For one reason or another, it seems as if I have read a lot of books lately that feature police officers or private investigators that also have supernatural powers. “The Dream Beings” by Aaron J. French is another of these books and I started it with the hope that it would rise above the rest.
Jack Evens has always had a special gift and is determined to use that gift to make the world a better place. To this end, he uses his psychic powers to help the police track down killers who seem to be otherwise uncatchable. Not everyone believed in his powers or agreed with their use so Jack always tried to remain in the background as more of a silent helper than an action hero. His ability to stay in the shadows disappeared the day that his name was written in a dead woman’s blood at the scene of a brutal murder.

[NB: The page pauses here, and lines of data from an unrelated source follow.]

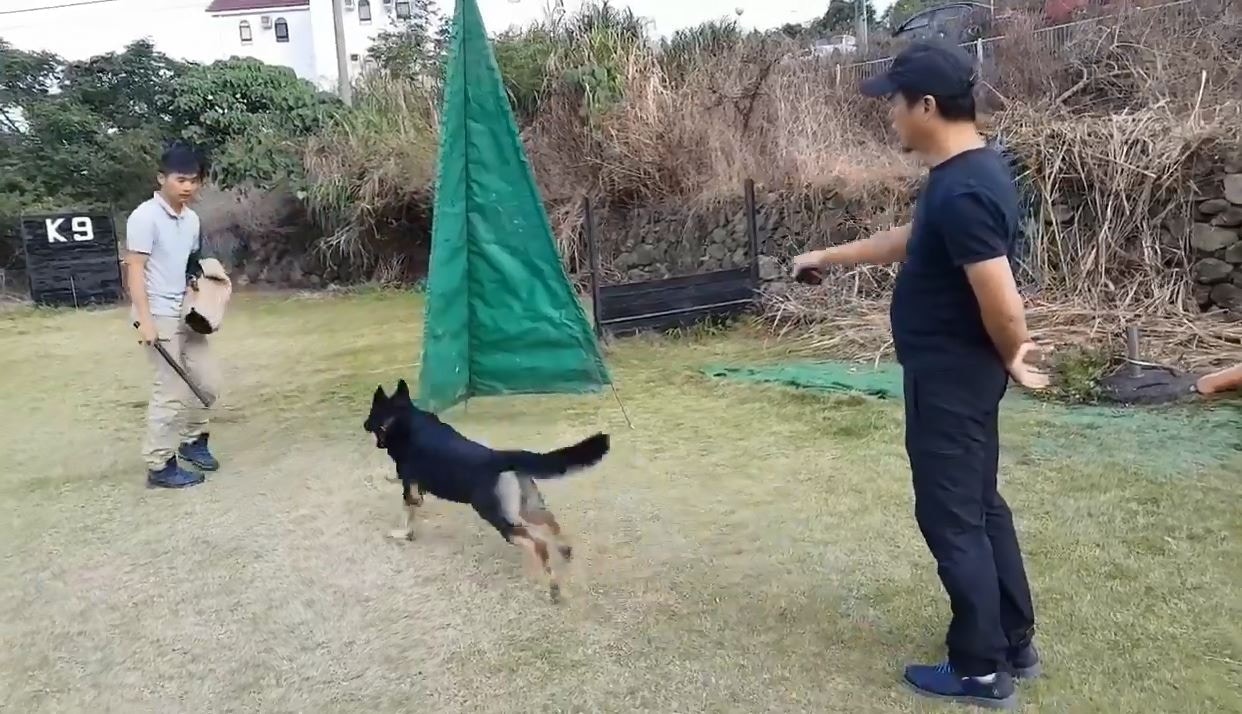 負責人稱,適當地使用電帶,不會對受訓犬隻造成傷害。(影片截圖) 負責人稱,適當地使用電帶,不會對受訓犬隻造成傷害。(影片截圖)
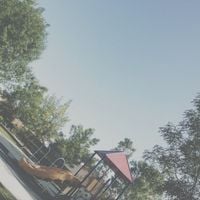 Jinsang - Kona Park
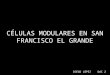 VIVIENDAS MODULARES EN SAN FRANCISCO EL GRANDE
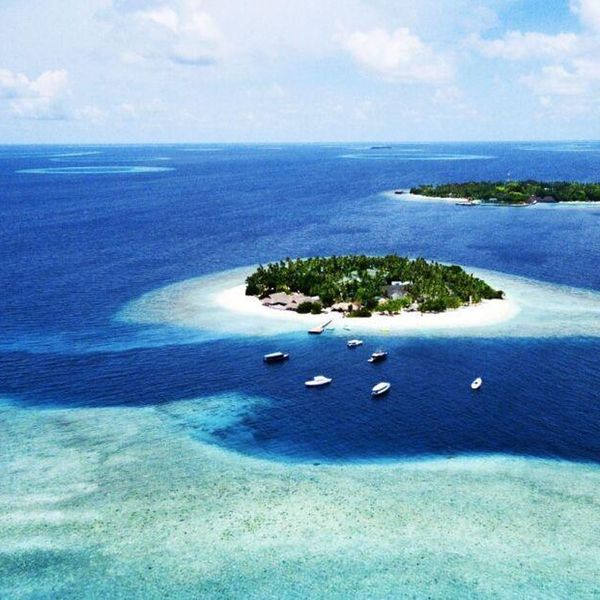 Malahini Kuda Bandos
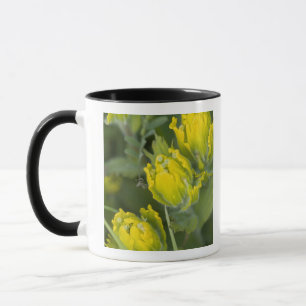 Indisk gulpensel Castilleja Mugg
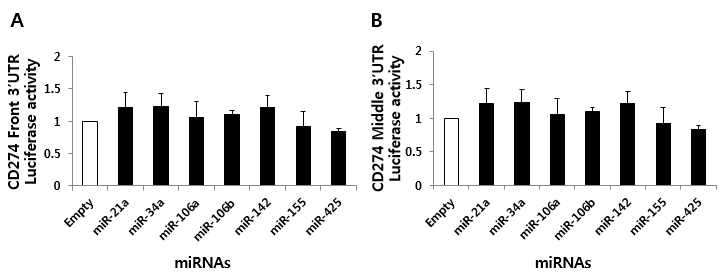 miRNA와 CD274 3’UTR간의 결합 확인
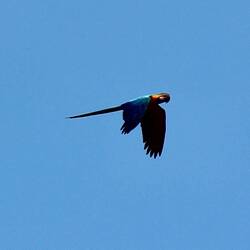 Blue-and-yellow Macaw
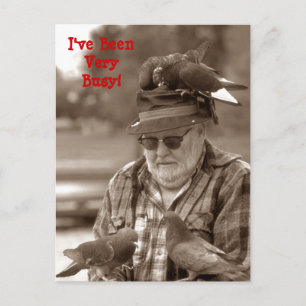 Postcards Greetings fun pigeons birds on man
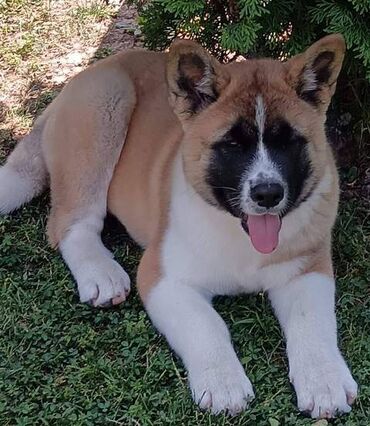 chow chow stene: Američka Akita, žensko štene Ženka rase AMERIČKA AKITA, 3 meseca
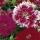 'Cottager' is a compact, spreading, evergeen perennial with linear, grey-green leaves and scented, double and semi-double pink or pink and white flowers in early summer.
 Dianthus 'Cottager' added by Shoot)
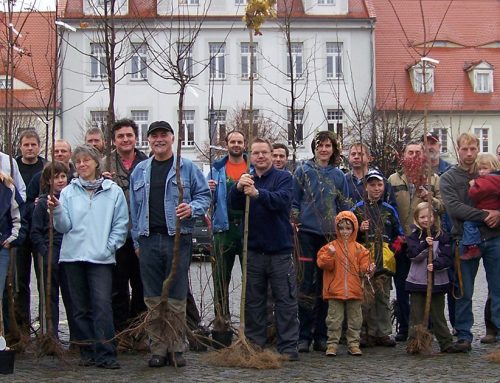 Regio Crowd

There is a serial killer on the loose and Jack is in his sights. This is not ordinary killer. A group of monsters, dream beings, have attached themselves with the killer and want Jack’s psychic energy to power their nightmarish power. As the killer continues to leave victims in his wake along with messages to Jack, he has no choice but to take action to not only stop the killer but come to terms with his powers and his past in a way in which he never has before.
“The Dream Beings” starts off with a bang that immediately got me interested in the book. The reader knows very little but the pages are already soaked with blood and the name of the mysterious protagonist of the story. This is a great setup to the story and made me want to read as fast as I could. Of course, one of the problems that can arise from such a shocking start to the story is that the rest of the tale cannot live up to the beginning and leads to a letdown. This does happen to some extent in “The Dream Beings” as it does feel as if the best part of the story happens in the first couple pages and the story bogs down a little in the middle part (which is a little odd since the story is only around 100 pages long) but French keeps things moving along and gets back into the action as the conclusion approaches.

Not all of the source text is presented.